If you are investing in small cap stocks, it is important not to make these two big mistakes writes Mark Hulbert for Barrron’s, because after few years of lackluster relative returns small caps look poised to turn the corner.

As Hulbert points, smaller cap stocks have outperformed large caps over the long term but “for the past five years the Russell 1000 (which contains the 1,000 largest U.S. stocks) has beaten the Russell 2000 (the next 2000 by market value) by nearly five percentage points per year”, but in 2016 the trend has started to potentially shift.

In anticipation of improved performance from small caps, Hulbert outlines two mistakes that investors should be aware of and avoiding making when allocating to small cap strategies and/or selecting small cap stocks.

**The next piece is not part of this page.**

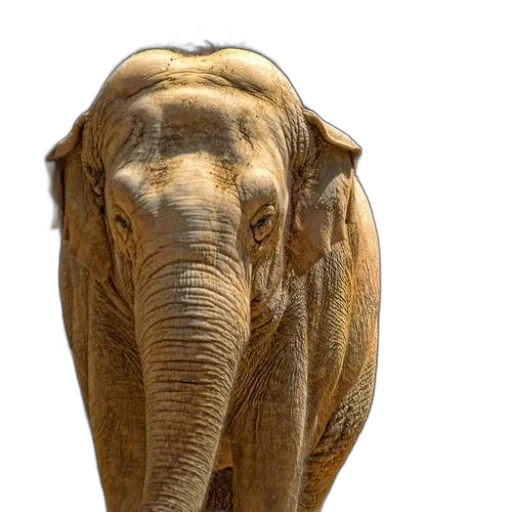 animal, face, creature, mask, photorealistic, 3d render, majestic, elephant transparent PNG cut-out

Mistake #1: Beware of Style Drift. Hulbert points out that many funds that call themselves small cap funds may in fact hold larger cap names. Known as “style drift”. According to the article, researchers of style drift have found “that the average small-cap fund with a heavy large-cap exposure returned 6.1% per year less than the typical small-cap fund that invested only in small stocks.”

Mistake #2: Consider Quality Small Caps (Avoid the Junk). When investing in small names, investors should consider financial quality — “profitability, profit growth, volatility, stability of earnings, a high dividend payout ratio and a conservative investment policy” — these are some of the factors that AQR Capital Management found to be important when identifying small caps that have the ability to outperform.

In conclusion, staying true to the small cap arena and focusing on quality are two important characteristics for any investor in the small cap space.